Gas explosion: Two more minors succumb to injuries

Families unhappy with hospital arrangements for injured victims.

Fazal Khaliq July 09, 2013
The gas cylinder explosion on Monday evening in Labour Colony, Mingora led to the death of two minors. The intensity of the blast was so severe it caused a shop and two houses to collapse. PHOTO: ONLINE


Two more minors injured in the gas cylinder explosion in Labour Colony, Panr succumbed to their injuries on Tuesday, increasing the death toll to four.

The blast took place on Monday evening in a shop inside the colony. Initially, two minors were killed and 20 people were injured in the accident. The intensity of the blast was so severe that it caused the shop and two houses to collapse, while buildings in the surrounding area were also damaged.

“It was an LPG gas filling shop located amid houses where all the villagers came,” said Shahid Khan, a resident. “Villagers and rickshaw drivers frequented the filling shop. The blast took place at around 8pm in the evening, when several people were around.”

The four dead minors are, Abid, 7, Sadia, 8, Ruqia, 8 and nine-month-old Kashmala.

The relatives of the victims seemed unhappy with the hospital arrangements. “There was only one doctor and two other staff members in the entire casualty unit,” said Iqbal Khan, a social worker. Khan added the injured were unattended for up to half an hour. “When we called reporters some doctors appeared and started treatment.”

In contrast, people were happy with the response of their MPA and MNA, who reached the hospital. “The lawmakers came and directed the hospital medical superintendent to start treatment immediately, after which everything was streamlined,” said Zahir Khan, a resident of Panr.

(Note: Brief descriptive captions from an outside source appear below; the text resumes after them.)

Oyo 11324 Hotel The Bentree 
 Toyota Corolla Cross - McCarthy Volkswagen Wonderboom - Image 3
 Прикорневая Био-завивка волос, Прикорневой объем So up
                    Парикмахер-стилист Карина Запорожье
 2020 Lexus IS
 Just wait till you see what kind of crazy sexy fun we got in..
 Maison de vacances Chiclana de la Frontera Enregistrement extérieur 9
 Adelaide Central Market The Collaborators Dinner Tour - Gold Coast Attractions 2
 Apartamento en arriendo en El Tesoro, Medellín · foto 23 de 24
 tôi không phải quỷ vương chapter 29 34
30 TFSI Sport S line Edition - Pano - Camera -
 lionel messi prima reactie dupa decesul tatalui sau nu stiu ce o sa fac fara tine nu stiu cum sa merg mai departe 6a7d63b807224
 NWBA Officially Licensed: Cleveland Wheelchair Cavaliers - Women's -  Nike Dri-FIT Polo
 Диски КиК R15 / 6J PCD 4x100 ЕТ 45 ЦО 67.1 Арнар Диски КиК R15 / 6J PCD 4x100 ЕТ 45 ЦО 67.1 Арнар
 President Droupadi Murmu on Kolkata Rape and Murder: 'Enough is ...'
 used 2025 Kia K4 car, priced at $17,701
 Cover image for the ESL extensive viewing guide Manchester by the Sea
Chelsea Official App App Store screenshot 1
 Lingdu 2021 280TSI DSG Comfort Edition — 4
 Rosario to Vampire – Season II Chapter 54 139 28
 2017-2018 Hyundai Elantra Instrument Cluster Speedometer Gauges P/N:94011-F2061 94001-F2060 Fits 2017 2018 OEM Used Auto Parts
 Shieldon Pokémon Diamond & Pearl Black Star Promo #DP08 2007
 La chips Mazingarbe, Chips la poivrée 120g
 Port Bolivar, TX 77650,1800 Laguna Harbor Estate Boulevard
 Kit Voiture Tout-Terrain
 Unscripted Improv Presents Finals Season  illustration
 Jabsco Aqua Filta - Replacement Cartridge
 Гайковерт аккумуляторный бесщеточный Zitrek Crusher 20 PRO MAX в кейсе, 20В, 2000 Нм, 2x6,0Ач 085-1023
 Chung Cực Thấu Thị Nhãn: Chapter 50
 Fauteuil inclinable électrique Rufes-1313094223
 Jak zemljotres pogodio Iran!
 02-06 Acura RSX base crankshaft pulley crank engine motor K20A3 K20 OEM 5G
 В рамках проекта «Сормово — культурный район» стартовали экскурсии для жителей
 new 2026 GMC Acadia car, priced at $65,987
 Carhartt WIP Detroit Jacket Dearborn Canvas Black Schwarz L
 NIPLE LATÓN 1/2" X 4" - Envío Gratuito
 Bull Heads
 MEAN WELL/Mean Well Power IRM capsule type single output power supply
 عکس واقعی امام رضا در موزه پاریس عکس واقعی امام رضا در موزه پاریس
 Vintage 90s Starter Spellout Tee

MPA Fazal Hakim Khan, who was present at the hospital, said he arranged ambulances to take patients in critical condition to Peshawar. “We have also informed provincial assembly members in Peshawar of the situation so preparations can be made in the city’s hospitals

The sound of the explosion was heard in far-off areas. “At first, we thought it was a bomb blast,” said Sher Bahadar, another resident. “Everyone rushed out of their houses to see what had happened. We saw a shop had caved in so we started a rescue operation immediately.”

Published in The Express Tribune, July 10th, 2013.